### Source material:
-=-=-=-=-

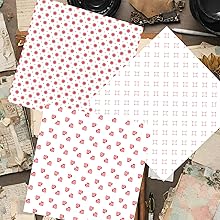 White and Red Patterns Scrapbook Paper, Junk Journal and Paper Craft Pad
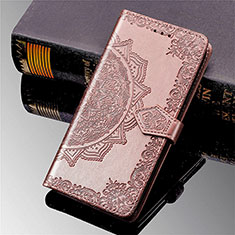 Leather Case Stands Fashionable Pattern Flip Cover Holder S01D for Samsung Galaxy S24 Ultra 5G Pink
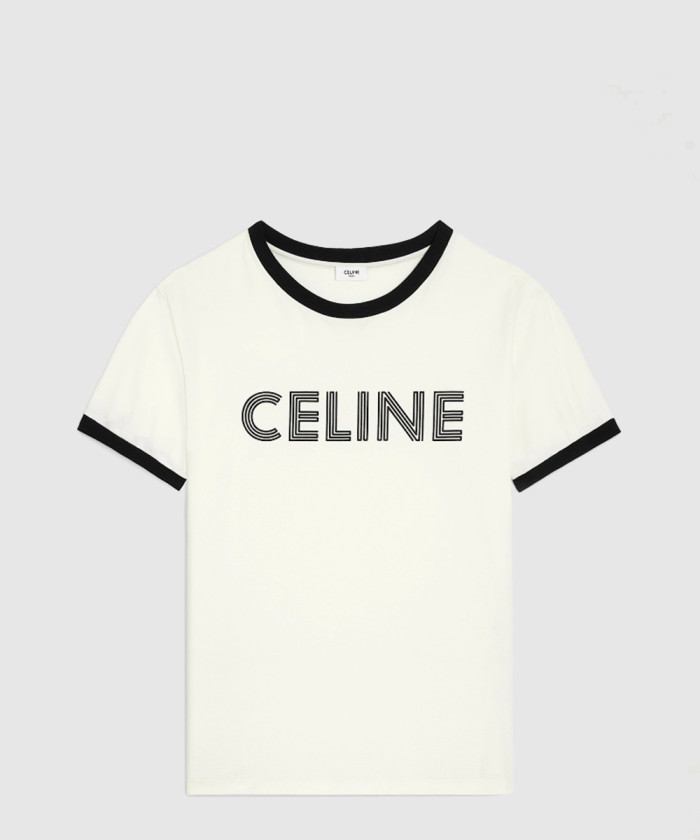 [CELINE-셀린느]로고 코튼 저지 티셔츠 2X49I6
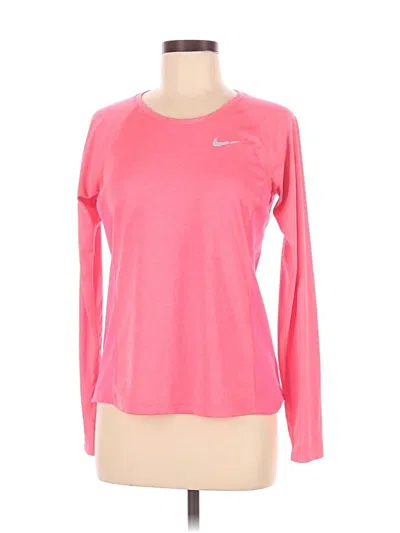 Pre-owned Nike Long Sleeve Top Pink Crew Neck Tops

-=-=-=-=-

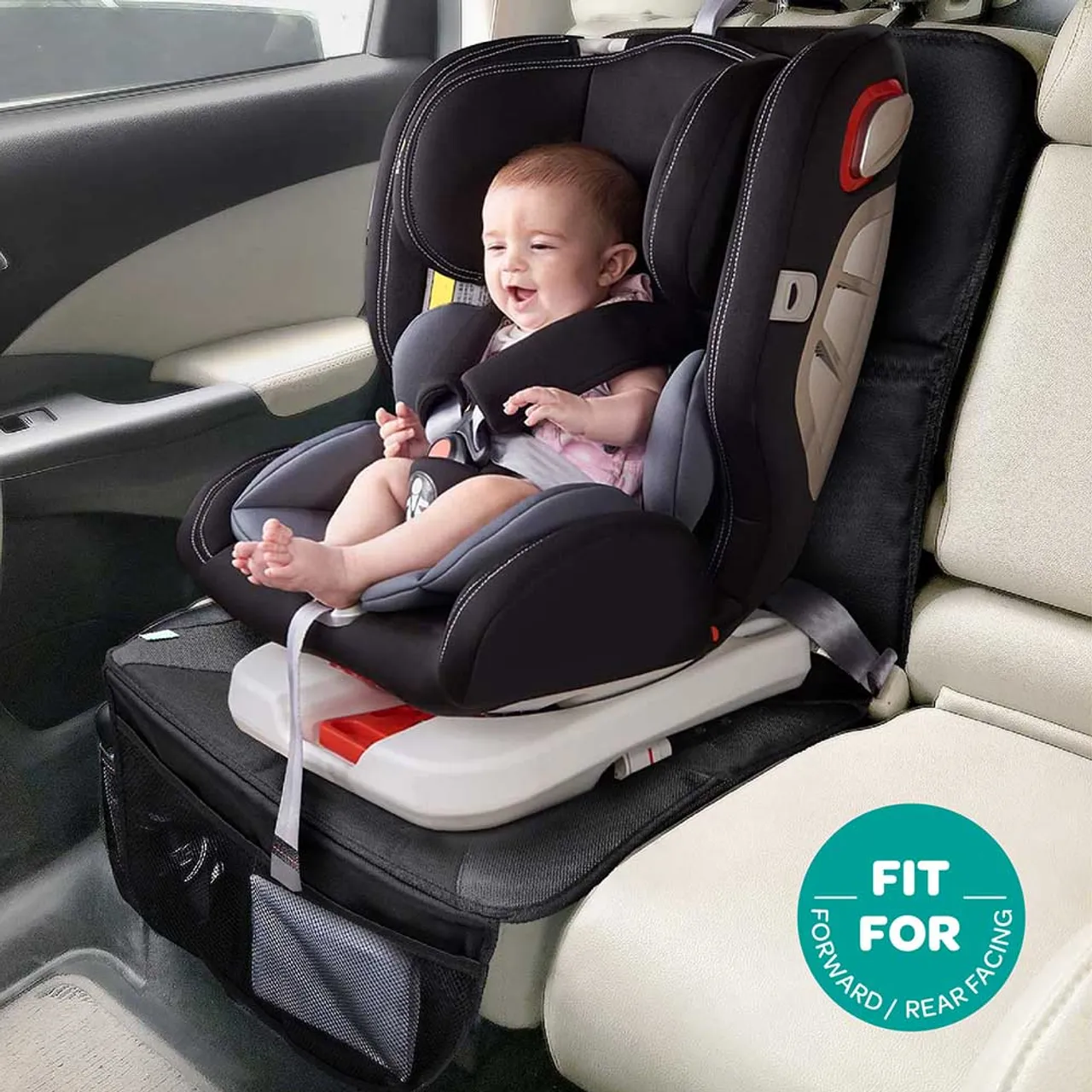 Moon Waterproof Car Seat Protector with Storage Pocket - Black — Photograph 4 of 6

-=-=-=-=-

Starting at the line above that contains "White and Red", transcribe every line exactly through the line that contains "Pre-owned Nike Long", including that last one, and skip the pictures.

 White and Red Patterns Scrapbook Paper, Junk Journal and Paper Craft Pad
 Leather Case Stands Fashionable Pattern Flip Cover Holder S01D for Samsung Galaxy S24 Ultra 5G Pink
 [CELINE-셀린느]로고 코튼 저지 티셔츠 2X49I6
 Pre-owned Nike Long Sleeve Top Pink Crew Neck Tops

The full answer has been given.